Graph Search
Introduction
Graph search is an incredibly powerful yet expensive algorithm. We can choose to search by breadth first or by depth first.
Breadth First Search (BFS)
BFS is naturally associated with queue. Visiting a node would be offering it to the queue. And polling it out of the queue to do level search.
Types of Questions
BFS on Binary Tree
Level Order Traversal (separated by level, so an extra for loop on the size)
Store all nodes in the level order. The queue works as an ArrayList
BFS on Graph
Traverse graph (clone graph, search graph nodes), need to check cycle
Topological Sort (Course Schedule, Alien Dictionary, etc)
BFS on 2D Array
Put an index in the queue the keep searching (number of islands, N-queen)
Shortest Path in a Simple Graph
Edges are bidirectional and the edge weight is 1.
Time Complexity
O(V+E)
References
Depth First Search (DFS)
DFS is usually implemented via stack or by recursion (via the call stack). Depth-first is naturally associated with stack, going down would be pushing into the stack and backtracking would be popping out from the stack.

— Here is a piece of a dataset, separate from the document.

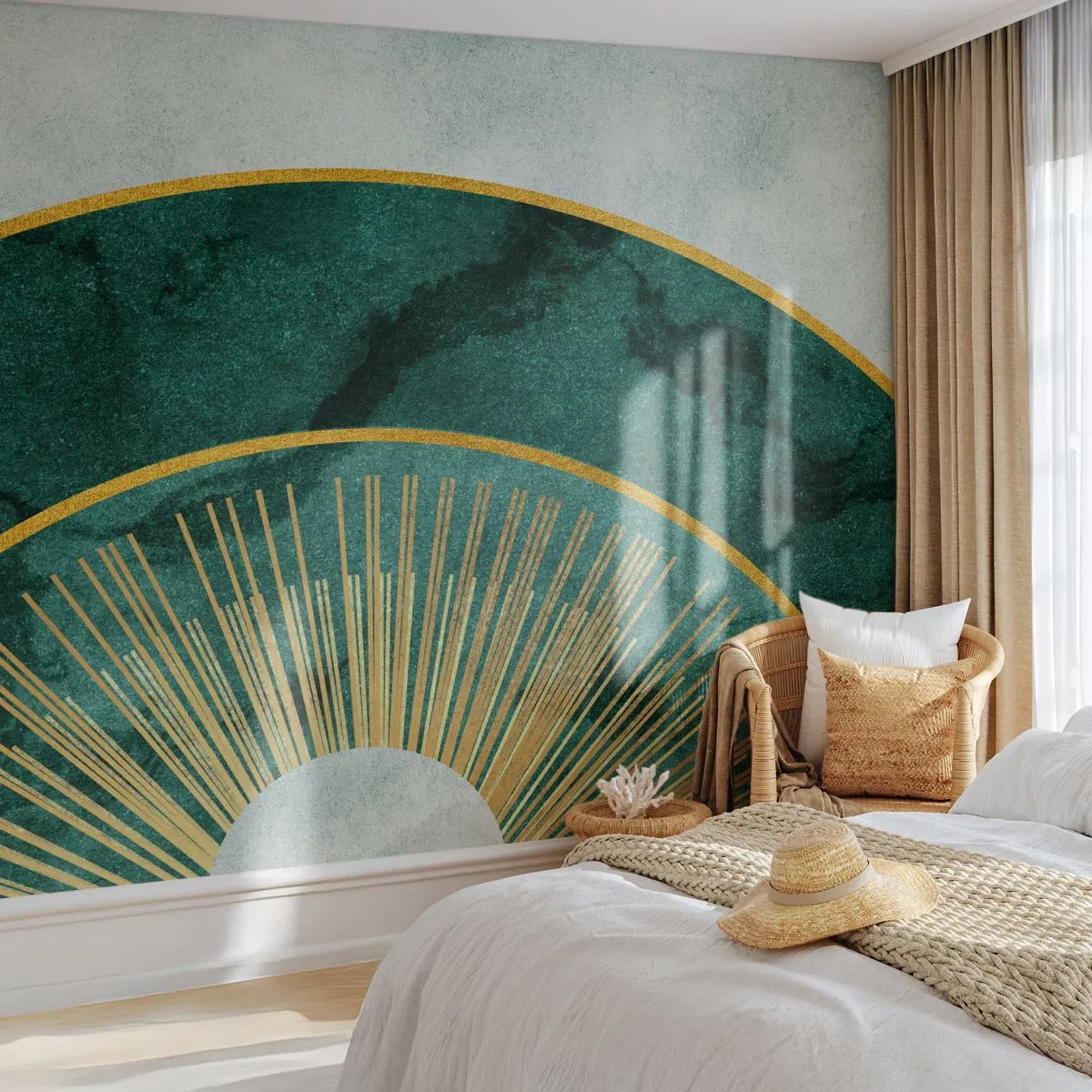 Fotomural Autadhesivo Deluxe Sticker - Un sistema solar diferente - Arte deco, Moderno, Abstracción - 500x350 cm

Find one or all valid paths
Recursive vs iterative visiting order
"These two variations of DFS visit the neighbors of each vertex in the opposite order from each other: the first neighbor of v visited by the recursive variation is the first one in the list of adjacent edges, while in the iterative variation the first visited neighbor is the last one in the list of adjacent edges. The recursive implementation will visit the nodes from the example graph in the following order: A, B, D, F, E, C, G. The non-recursive implementation will visit the nodes as: A, E, F, B, D, C, G."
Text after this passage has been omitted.